心臓の左心房の拡大とは、左心房の内径が正常範囲を超えることをいう。
心臓超音波検査で左心房の長軸断面を観察し、左心房の内径が長軸像で20~40mmを超えると、通常、左心房拡大が起こる。
軽度の左房拡大では、通常、患者に明らかな不快感はない。 重度の左房拡大で心不全を起こしやすい場合は、胸部圧迫感、息切れ、活動持久力の低下、夜間に横になれないなどの症状がみられ、体の低い部分に浮腫などの徴候がみられることもある。

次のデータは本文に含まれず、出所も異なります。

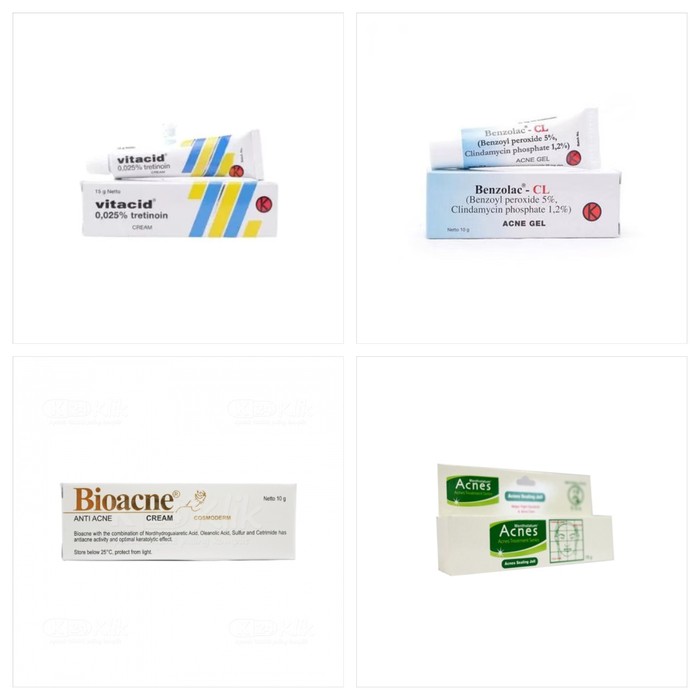 Obat Jerawat Ampuh di Apotek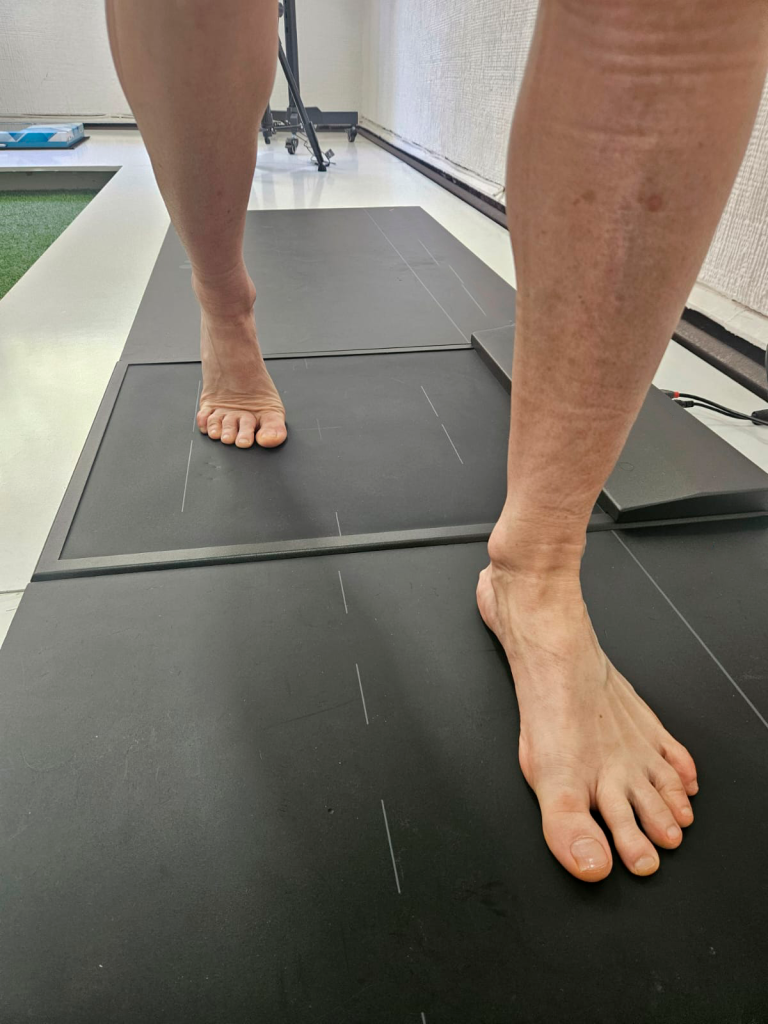 Estudio personalizado de la pisada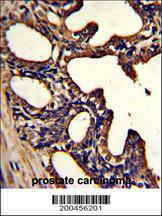 Anti-LTF Mouse Monoclonal Antibody [clone: 119CT80.1.1]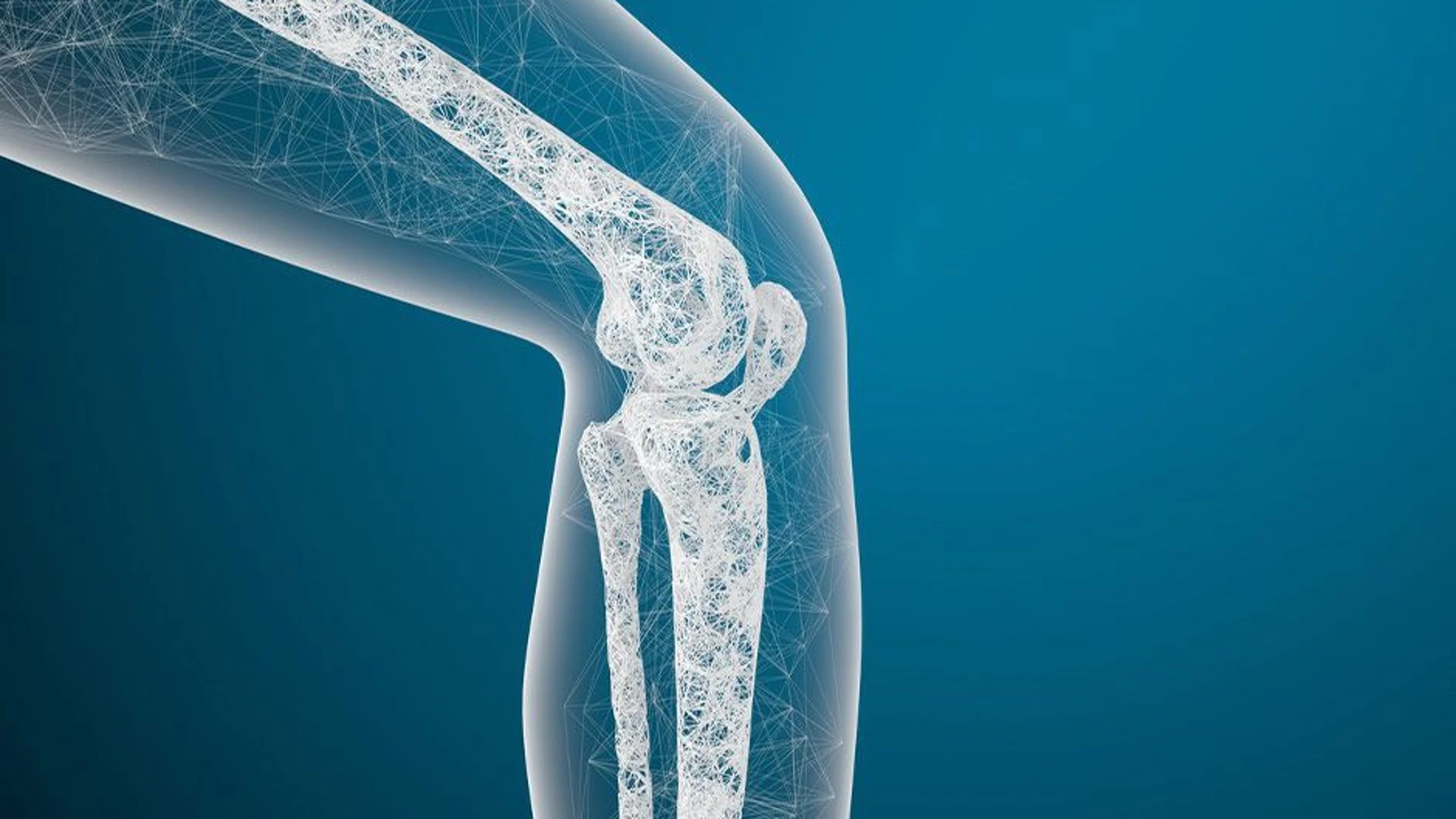 Osteoporosis: qué es y cómo prevenir esta enfermedad ósea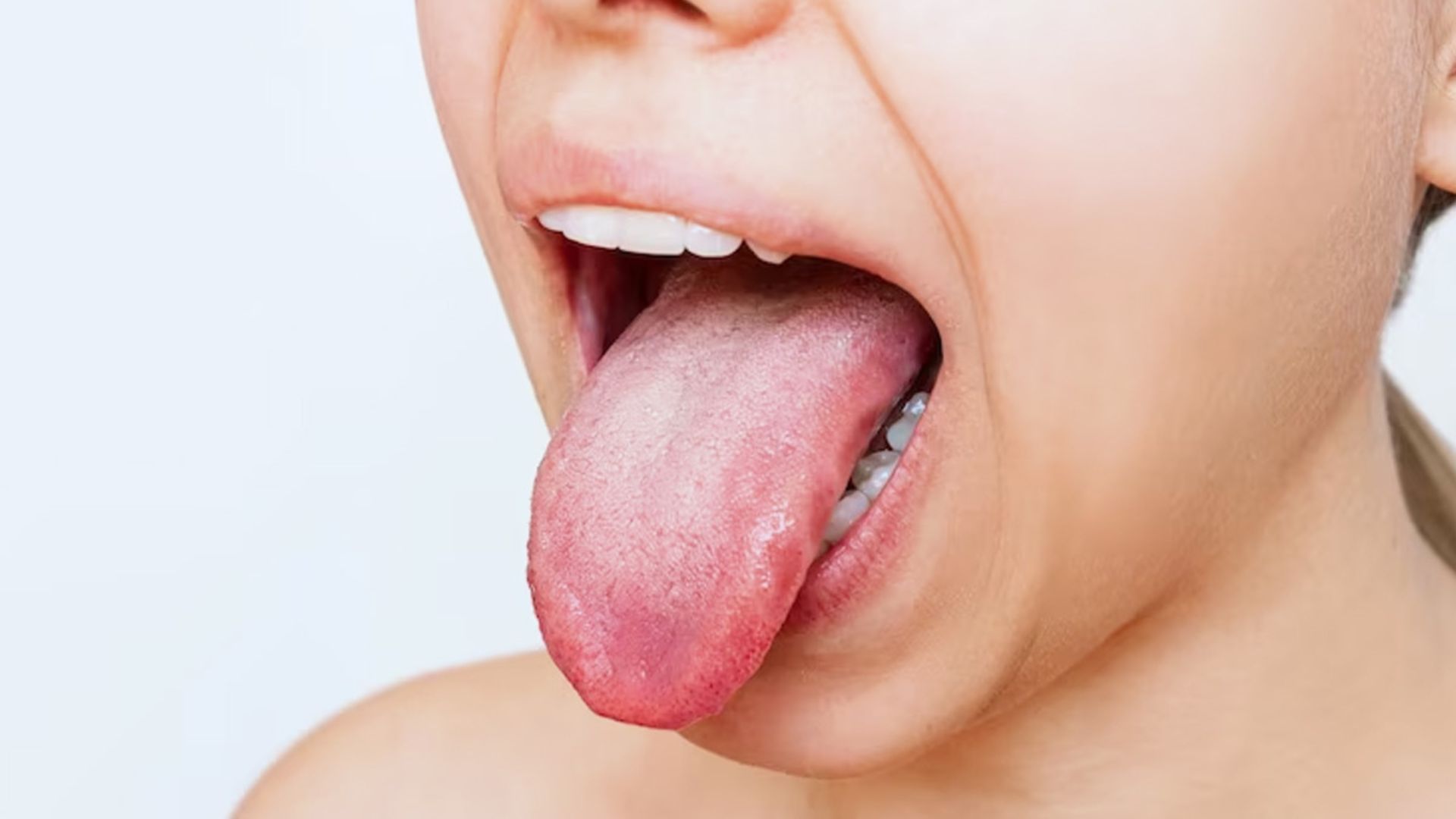 Your Tongue’s Color Could Be A Warning Sign For These Hidden Health Issues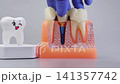 Dental Implant Crown and Bridge Removal on Jaw Model 141357742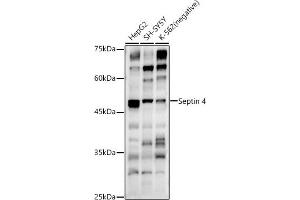 Western blot analysis of extracts of various cell lines, using Septin 4 antibody (ABIN6128476, ABIN6147554, ABIN6147555 and ABIN6214410) at 1:500 dilution. (Septin 4 antibody  (AA 1-100))
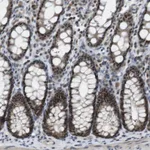 Atlas Antibodies Anti-MAPKAPK5 Antibody
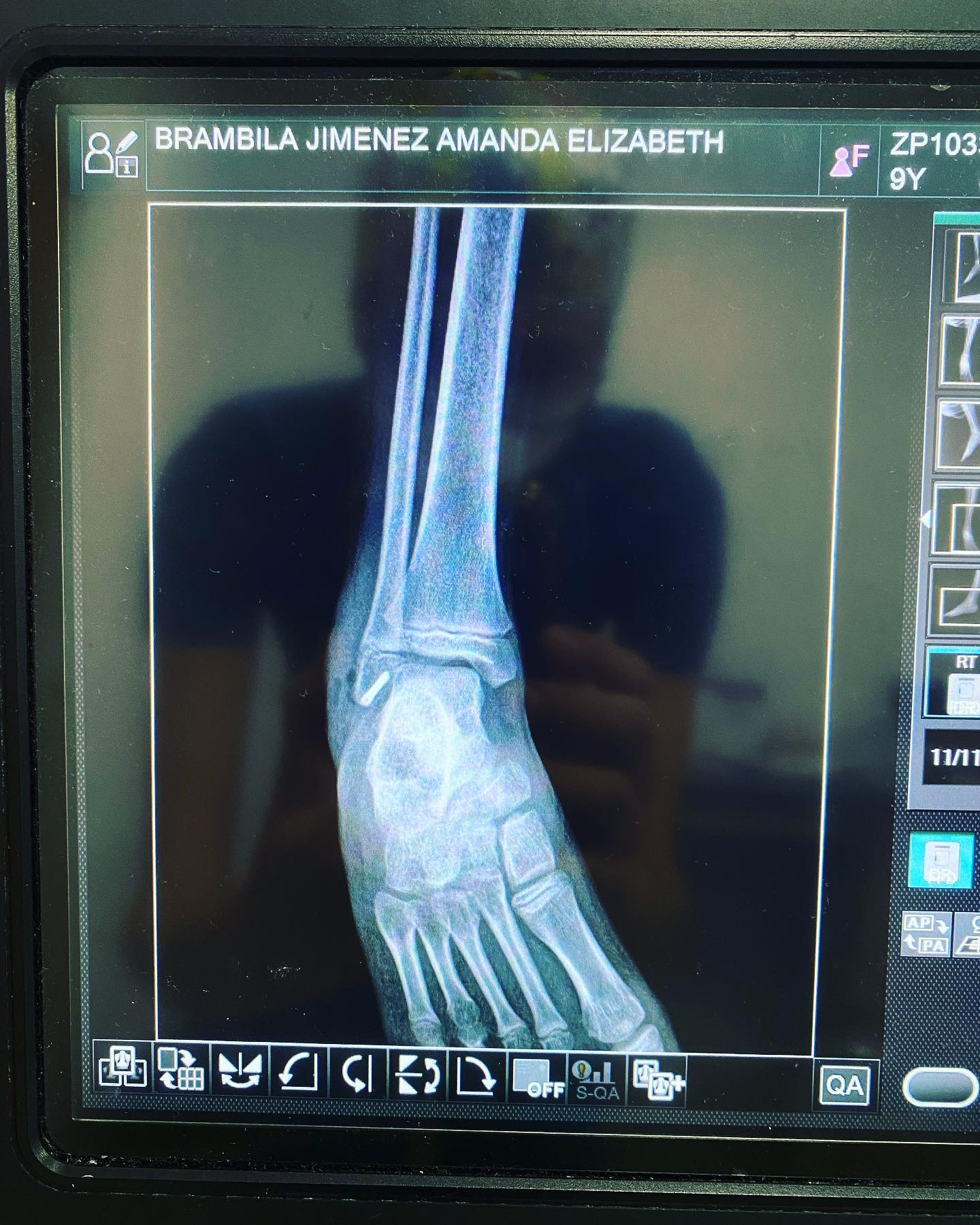 fractura de tobillito 5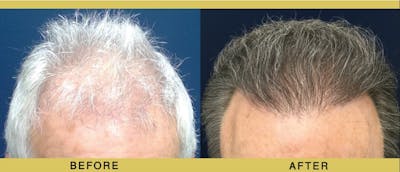 Hair Restoration Before & After Gallery - Patient 263524 - Image 1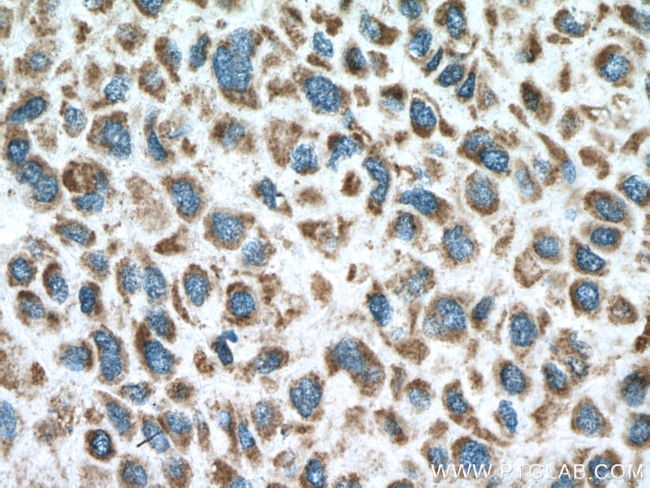 PPA2 Antibody in Immunohistochemistry (Paraffin) (IHC (P))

左心房肥大の原因としては、長期の高血圧、僧帽弁狭窄症、僧帽弁閉鎖不全症などがあります。 左心房肥大が発見されたら、具体的な重症度に応じて心臓超音波検査を定期的に見直し、原疾患の治療を積極的に行う必要がある。
左心房肥大の患者さんに心不全の症状が現れたら、原疾患の治療を行い、心臓が肥大し続ける過程を遅らせ、患者さんの左心房肥大による悪影響を減らすために、医師の処方に従ってスピロノラクトン、カプトプリル、メトプロロールなどの利尿薬や血管拡張薬、あるいは僧帽弁置換術、僧帽弁修復術などの治療を行う必要があります。
検査で左心房肥大が発見された場合は、専門的な治療や定期的な経過観察が必要ですので、早めに医師にご相談ください。